┌─ Provided entries
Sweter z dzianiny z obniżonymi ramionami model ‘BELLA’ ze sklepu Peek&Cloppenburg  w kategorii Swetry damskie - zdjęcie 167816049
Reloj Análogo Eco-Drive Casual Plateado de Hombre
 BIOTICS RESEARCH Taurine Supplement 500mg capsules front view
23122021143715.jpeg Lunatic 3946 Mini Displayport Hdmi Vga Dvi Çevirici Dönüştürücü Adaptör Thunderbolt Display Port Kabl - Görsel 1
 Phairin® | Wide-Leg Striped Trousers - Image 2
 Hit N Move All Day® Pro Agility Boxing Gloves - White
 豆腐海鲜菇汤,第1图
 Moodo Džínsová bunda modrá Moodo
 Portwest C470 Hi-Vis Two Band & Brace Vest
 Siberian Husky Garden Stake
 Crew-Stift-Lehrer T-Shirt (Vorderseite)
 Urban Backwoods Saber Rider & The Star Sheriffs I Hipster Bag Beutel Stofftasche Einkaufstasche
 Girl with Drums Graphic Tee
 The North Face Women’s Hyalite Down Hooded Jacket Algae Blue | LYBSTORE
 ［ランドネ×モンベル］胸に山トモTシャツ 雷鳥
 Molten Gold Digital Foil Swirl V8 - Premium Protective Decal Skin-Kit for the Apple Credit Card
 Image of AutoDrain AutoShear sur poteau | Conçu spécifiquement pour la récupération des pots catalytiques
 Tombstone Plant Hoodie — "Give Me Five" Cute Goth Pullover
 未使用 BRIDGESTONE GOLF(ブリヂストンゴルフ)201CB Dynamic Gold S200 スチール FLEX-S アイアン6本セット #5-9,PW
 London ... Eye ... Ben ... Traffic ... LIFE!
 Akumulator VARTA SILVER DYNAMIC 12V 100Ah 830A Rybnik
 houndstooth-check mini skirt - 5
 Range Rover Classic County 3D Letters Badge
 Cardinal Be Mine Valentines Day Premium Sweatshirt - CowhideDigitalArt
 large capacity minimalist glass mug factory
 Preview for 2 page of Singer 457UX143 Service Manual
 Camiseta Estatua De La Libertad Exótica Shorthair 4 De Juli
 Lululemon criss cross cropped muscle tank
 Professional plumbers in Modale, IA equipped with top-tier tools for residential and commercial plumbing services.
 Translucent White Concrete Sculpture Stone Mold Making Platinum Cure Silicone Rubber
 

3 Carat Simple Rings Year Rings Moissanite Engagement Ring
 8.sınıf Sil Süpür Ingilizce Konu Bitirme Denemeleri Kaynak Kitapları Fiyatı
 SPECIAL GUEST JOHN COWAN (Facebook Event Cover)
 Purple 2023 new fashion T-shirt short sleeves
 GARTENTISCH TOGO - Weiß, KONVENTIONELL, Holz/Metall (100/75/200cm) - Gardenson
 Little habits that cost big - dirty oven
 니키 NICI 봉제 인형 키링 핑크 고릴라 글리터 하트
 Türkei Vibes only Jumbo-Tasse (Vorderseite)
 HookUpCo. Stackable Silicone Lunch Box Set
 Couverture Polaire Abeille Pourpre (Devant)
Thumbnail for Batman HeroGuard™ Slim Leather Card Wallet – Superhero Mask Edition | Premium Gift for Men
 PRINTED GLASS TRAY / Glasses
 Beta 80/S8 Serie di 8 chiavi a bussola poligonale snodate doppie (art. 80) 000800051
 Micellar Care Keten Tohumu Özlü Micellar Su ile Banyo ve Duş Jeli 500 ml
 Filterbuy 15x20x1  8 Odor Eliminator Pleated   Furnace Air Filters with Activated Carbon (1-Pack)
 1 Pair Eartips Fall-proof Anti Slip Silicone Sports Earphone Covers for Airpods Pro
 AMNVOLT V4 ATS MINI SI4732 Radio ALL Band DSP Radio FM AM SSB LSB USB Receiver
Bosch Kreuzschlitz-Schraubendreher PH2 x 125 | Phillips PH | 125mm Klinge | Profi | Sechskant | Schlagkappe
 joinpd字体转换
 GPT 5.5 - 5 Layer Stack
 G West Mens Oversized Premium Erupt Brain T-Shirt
└─
For this task, write out exactly the lines of the entries above, starting at the line with "GARTENTISCH TOGO - Weiß, KONVENTIONELL, Holz/Metall" and ending at the line with "Activated Carbon (1-Pack)", both included, and no others.

 GARTENTISCH TOGO - Weiß, KONVENTIONELL, Holz/Metall (100/75/200cm) - Gardenson
 Little habits that cost big - dirty oven
 니키 NICI 봉제 인형 키링 핑크 고릴라 글리터 하트
 Türkei Vibes only Jumbo-Tasse (Vorderseite)
 HookUpCo. Stackable Silicone Lunch Box Set
 Couverture Polaire Abeille Pourpre (Devant)
Thumbnail for Batman HeroGuard™ Slim Leather Card Wallet – Superhero Mask Edition | Premium Gift for Men
 PRINTED GLASS TRAY / Glasses
 Beta 80/S8 Serie di 8 chiavi a bussola poligonale snodate doppie (art. 80) 000800051
 Micellar Care Keten Tohumu Özlü Micellar Su ile Banyo ve Duş Jeli 500 ml
 Filterbuy 15x20x1  8 Odor Eliminator Pleated   Furnace Air Filters with Activated Carbon (1-Pack)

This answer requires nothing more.